The statements made herein provide background information related to the present disclosure and may or may not constitute prior art.
Exploring, drilling and completing hydrocarbon and other wells are generally complicated, time consuming, and ultimately very expensive endeavors. As a result, over the years, a significant amount of added emphasis has been placed on well monitoring and maintenance. Once more, perhaps even more emphasis has been directed at initial well architecture and design. All in all, careful attention to design, monitoring and maintenance may help maximize production and extend well life. Thus, a substantial return on the investment in the completed well may be better ensured.
In the case of well monitoring and logging, mostly minimally-invasive applications may be utilized which provide temperature, pressure and other production related information. By contrast, well design, completion and subsequent maintenance, may involve a host of more direct interventional applications. For example, perforations may be induced in the wall of the well, debris or tools and equipment removed, etc. In some cases, the well may even be designed or modified such that entire downhole regions are isolated or closed off from production.
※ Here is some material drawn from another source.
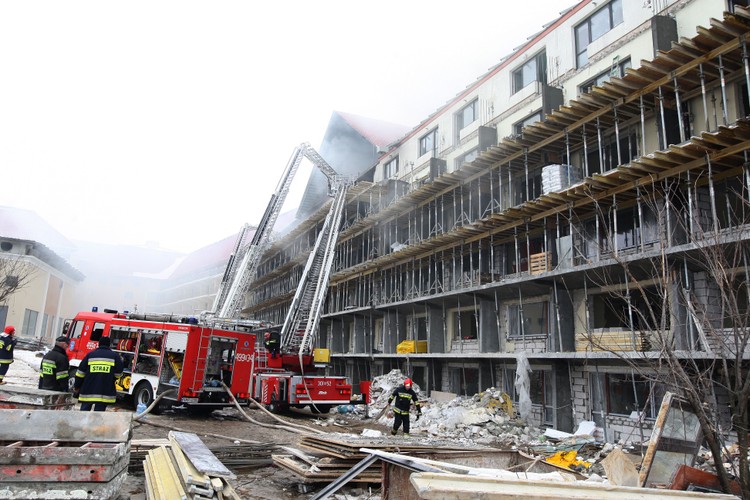 Pożar w hotelu Gołębiewski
Such is often the case where an otherwise productive well region is prone to produce water or other undesirable fluid that tends to hamper hydrocarbon recovery.
Closing off well regions as noted above is generally achieved by way of setting one or more inflatable packers. Such packers may be set at downhole locations and serve to seal off certain downhole regions from other productive regions. Delivering, deploying and setting packers for isolation may be achieved by way of coiled tubing, or other conventional line delivery application. The application may be directed from the oilfield surface and involve a significant amount of manpower and equipment. Indeed, the application may be fairly sophisticated, given the amount of precision involved in packer positioning and inflation. As noted further below, proper packer inflation, in particular may be quite challenging, given the high and variable temperature and pressure extremes often present downhole which can affect fluid inflation.
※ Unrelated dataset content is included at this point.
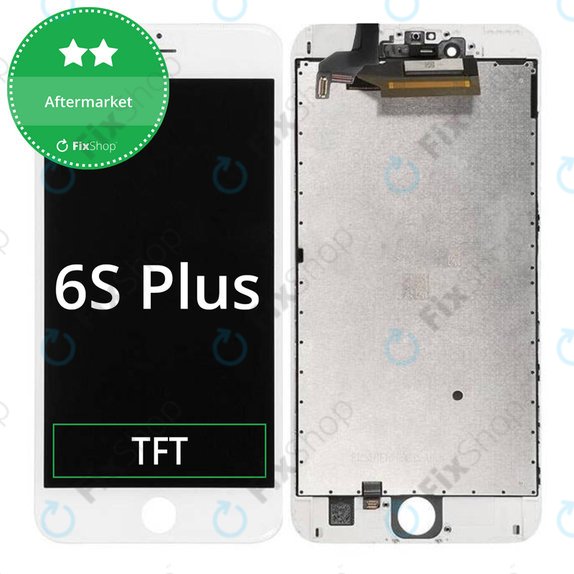 Display für iPhone 6S Plus, White, Touchscreen-Glas mit Rahmen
Unfortunately, isolation of a downhole region generally requires positioning and deployment of at least two packers. For example, where a perforated region of a well is to be isolated, packers may be deployed at either side of downhole perforations. This is due to the fact that it is unlikely that the perforated downhole region is of such a limited size so as to be fully occluded by deployment of a single conventionally sized packer (i.e. generally less than about two feet in length). As a result, cutting off the noted downhole region requires multiple packer delivery applications, thus increasing expenses associated with the manpower, equipment and, perhaps most importantly, time, are significantly increased.
In addition to the expenses associated with packer delivery and deployment applications, the effectiveness of packer isolation itself is often less than desirable. For example, once a well region is identified for isolation, such as where water production is detected, the isolation is generally sought for the remaining life of the well. As a practical matter, this means that packer isolation of the region may be desirable for up to twenty years or more. However, for the reasons described below, it is unlikely that packer isolation of such a region would be reliable for such durations.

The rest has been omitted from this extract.